I don't think anyone was quite aware of how I spent last year. Most of it I could smile, laugh, make jokes, complain, hold conversations – in short, almost everything expected of a healthy student. What no one seemed to notice was that a lot of it was put on; that sometimes when I sounded happy, I actually felt absolutely nothing, or that the sounds of laughter were no more than echoed memories of real mirth.

Similarly, no one noticed how I would sit alone, in the darkness, listening to people I knew couldn't exist. No one suspected that I walked around the campus surrounded by spectral voices ready to take up the semblance of position and discuss my behaviour in minute detail, or that I'd sit in my bedroom watching ghostly auras form around me. No one found and read the diaries I kept, recording 'incidents' as they happened.

I often walk through the woods on my way home now out of a compulsion to find darkness, in which vision can evaporate to be replaced by hearing, where whispering trees condense to become hushed and twisted voices. I'll spend an hour or more getting home, compelled to stop and listen to criticisms from hiding phantoms – and arrive home drained, forced to find my mask and interact as though my night was nothing out of the ordinary.

I'd say that I'm not a naturally retiring person, that I'm not 'socially isolated,' but I suppose I am. The very unreality of my experience sets me apart from normal people just as dirt stands out on a white carpet.

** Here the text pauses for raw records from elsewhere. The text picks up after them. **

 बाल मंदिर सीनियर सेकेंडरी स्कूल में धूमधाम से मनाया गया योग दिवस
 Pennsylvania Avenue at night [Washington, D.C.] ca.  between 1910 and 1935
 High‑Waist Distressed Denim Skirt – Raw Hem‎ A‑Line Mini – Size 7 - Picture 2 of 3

And yet, sometimes I wonder. It's accepted that our reality isn't real, but I don't think most people understand the extent to which they manufacture the so-called 'real world'.

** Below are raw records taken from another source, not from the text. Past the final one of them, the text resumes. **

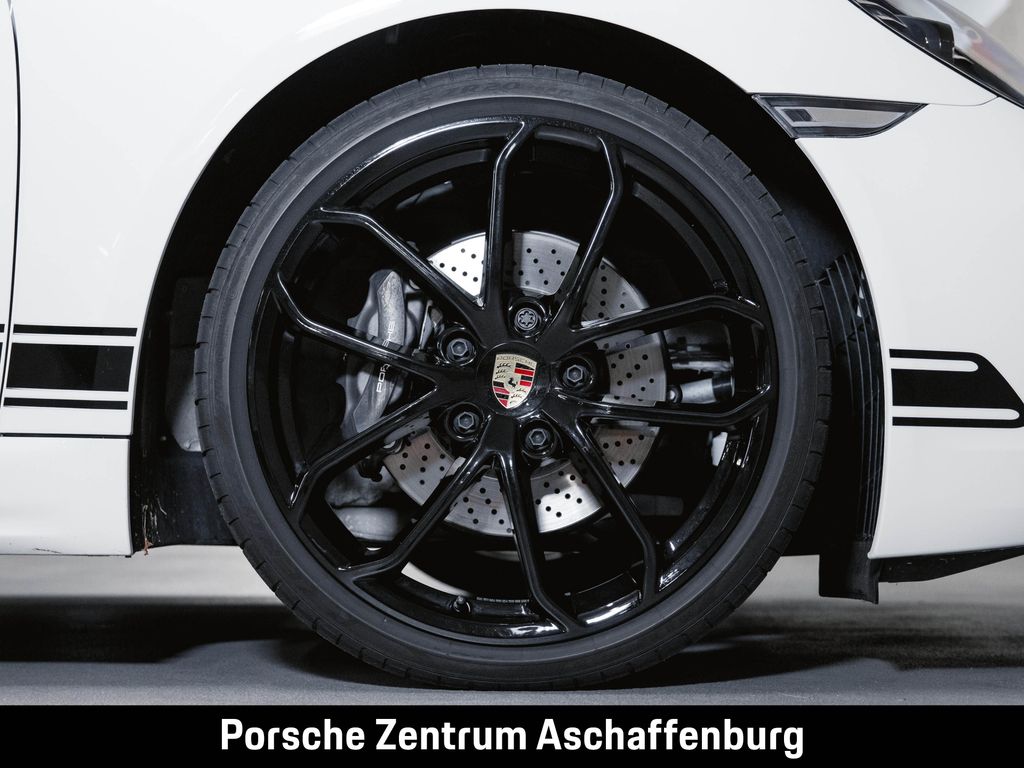 Porsche Boxster 2024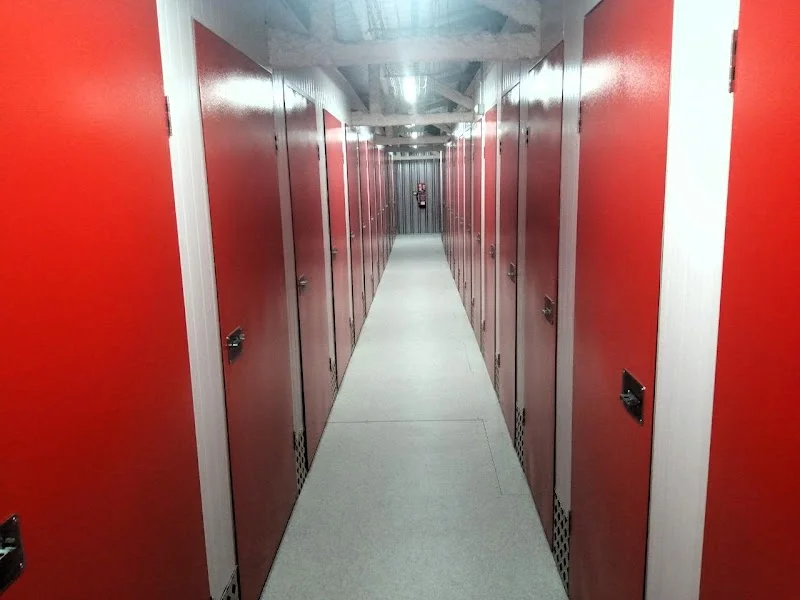 RedTras - Trasteros 7x24 en C. Manuel Marchamalo, 8, Tetuán, 28029 Madrid, España - Imagen 3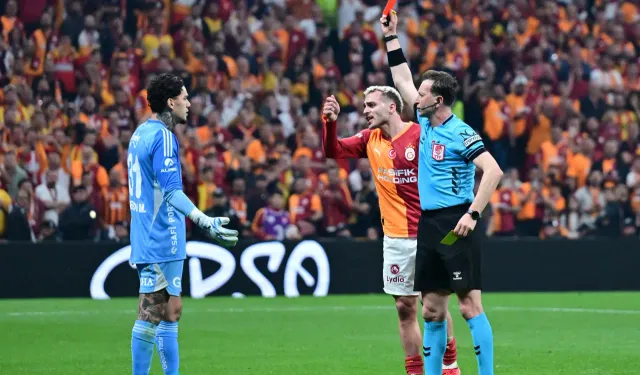 Galatasaray derbisinde kırmızı kart gören Ederson’un cezası açıklandı!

Take pattern, for instance. We see patterns between anything and everything, seldom caring that pattern is simply our (often false) observation of structure in incidental stability. And yet, we call this world of order 'reality,' and ignore the world of random caprice over which we weave our patterned webs.

And the patterns I see! At night, connections form furiously in my mind, unfolding like new cross-sections of a four-dimensional image, juxtaposed in rapid succession in an attempt at visualising the whole. My mind is a raving, out-of-control pattern-matcher, insisting that everything is secretly, darkly connected in a grand unifying scheme. If the pitiful shadows of this multiplying complexity can be called reality, surely I'm experiencing some sort of post-reality; if manufactured strands of similarity are sane constructions, I am not simply insane but rather supersane.

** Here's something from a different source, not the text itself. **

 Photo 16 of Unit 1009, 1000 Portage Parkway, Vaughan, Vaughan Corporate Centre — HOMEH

And yet, the voices which follow me, insubstantial as a point, belie this possibility. They taunt and jeer and keep me awake by delivering this blinding miasma, descending like malignant thistledown to break me to pieces with individually gentle, but collectively devastating blows.

And once more, no one suspects. I can learn and laugh and play and eat, even while I feel my thoughts being suppressed by hidden demons. It's beautifully duplicitous, to act for all the world like your ordinary, lucid student when I'm staving off a rebellion every few nights.

That is what 'schizotypal personality disorder' means to me. Why am I writing this? An attempt to capture the entirity of my experience when I feel fit. Why here? Simple: it stops people asking questions. If anyone feels in a particularly voyeuristic frame of mind, enough to explore and find this blog, I think they deserve a good dose of truth.

Should anyone actually bother to read this far down, they might still have a few questions. How often am I like that? About two or three nights a week, usually, though it has been getting worse and more frequent. How long have I had problems like this? Since I was sixteen. Am I really always acting when I laugh or talk animatedly or sound upset? No. Sometimes I'm really happy, or really interested, or really upset. Other times, I just be putting in a bit more than I actually feel. And other times, it's a complete charade that I'm putting on out of habit, because it's less effort to pretend than to appear outwardly bizarre. Perhaps I'm not always successful, but no one has brought it up, so I'm assuming it's enough to deflect curiosity.